● **Required work**: Restate word for word the span of lines that opens with the line containing "Лев Толстой, Анна Каренина" and closes with the last line of the material. Include both ends and nothing more.

● **Material provided**:
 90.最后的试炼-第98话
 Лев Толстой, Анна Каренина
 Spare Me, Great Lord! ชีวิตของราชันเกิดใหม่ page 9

● **Problem solution**:
 Лев Толстой, Анна Каренина
 Spare Me, Great Lord! ชีวิตของราชันเกิดใหม่ page 9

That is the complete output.